The data Start Marker

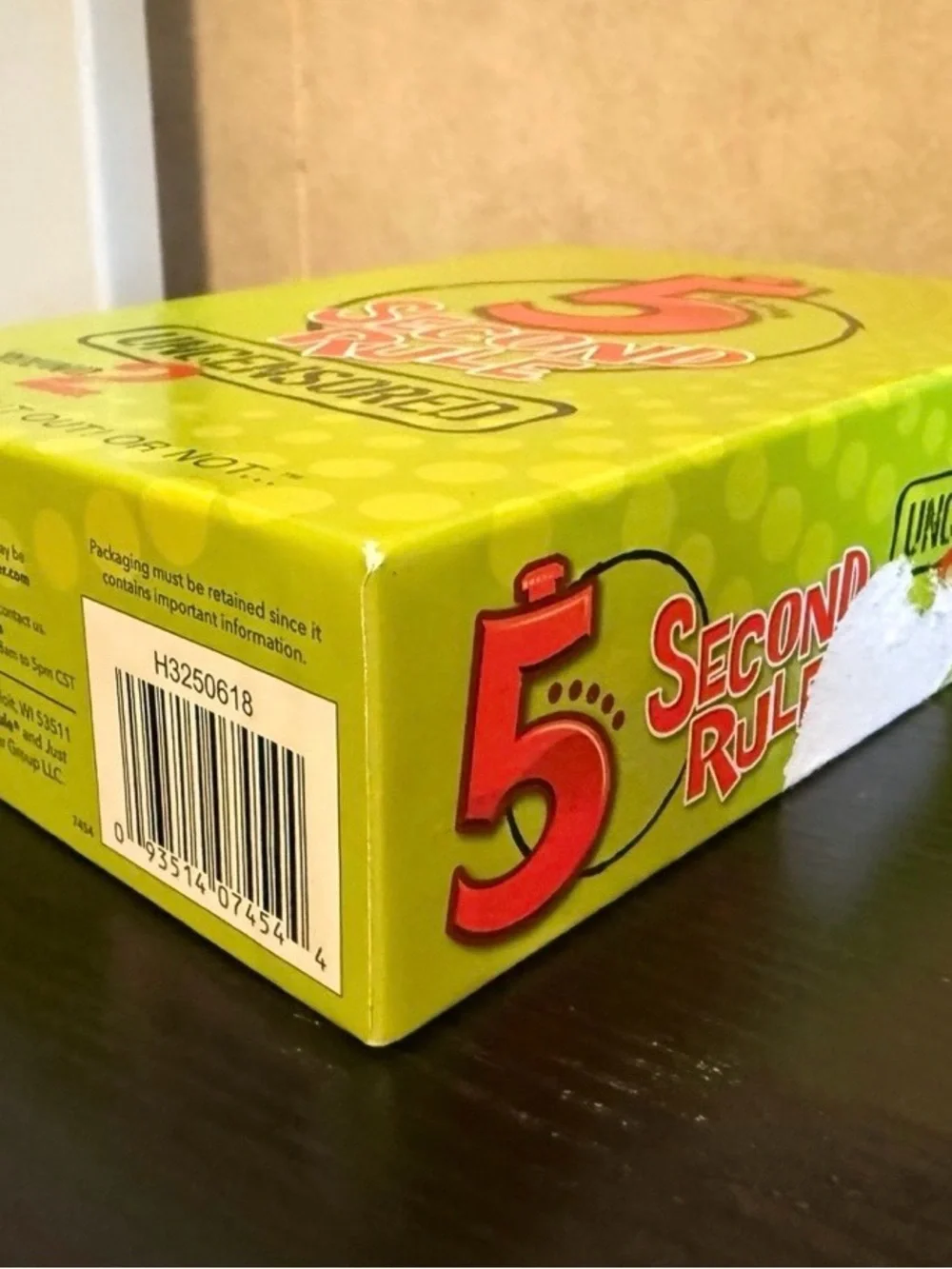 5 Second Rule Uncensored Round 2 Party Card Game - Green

The data End Marker
The data Start Marker

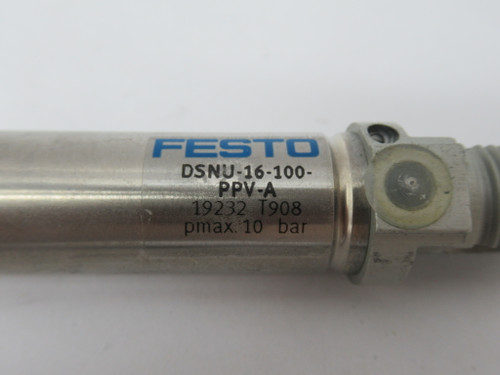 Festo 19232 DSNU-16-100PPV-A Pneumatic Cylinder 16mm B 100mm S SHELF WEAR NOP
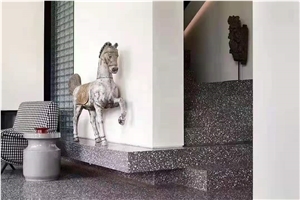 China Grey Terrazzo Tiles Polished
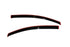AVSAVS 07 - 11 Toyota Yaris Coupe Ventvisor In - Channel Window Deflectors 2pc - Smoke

The data End Marker
The data Start Marker

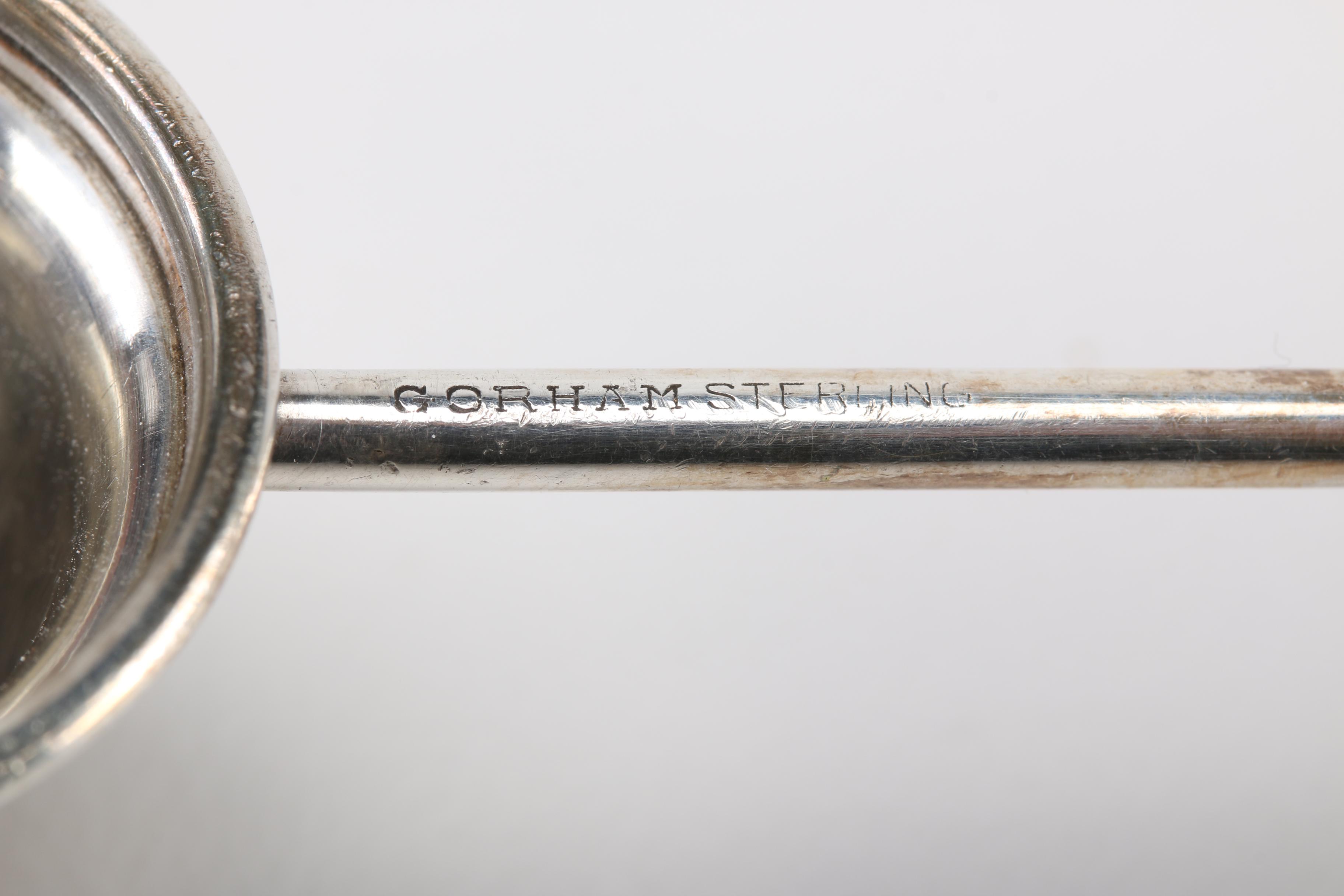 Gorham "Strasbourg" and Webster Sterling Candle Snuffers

The data End Marker

» What you need to do
Set the pictures aside and retype exactly the lines above from the line with "China Grey Terrazzo Tiles Polished" to the line with "AVSAVS 07 - 11", both included, adding no others.

» Result below
 China Grey Terrazzo Tiles Polished
AVSAVS 07 - 11 Toyota Yaris Coupe Ventvisor In - Channel Window Deflectors 2pc - Smoke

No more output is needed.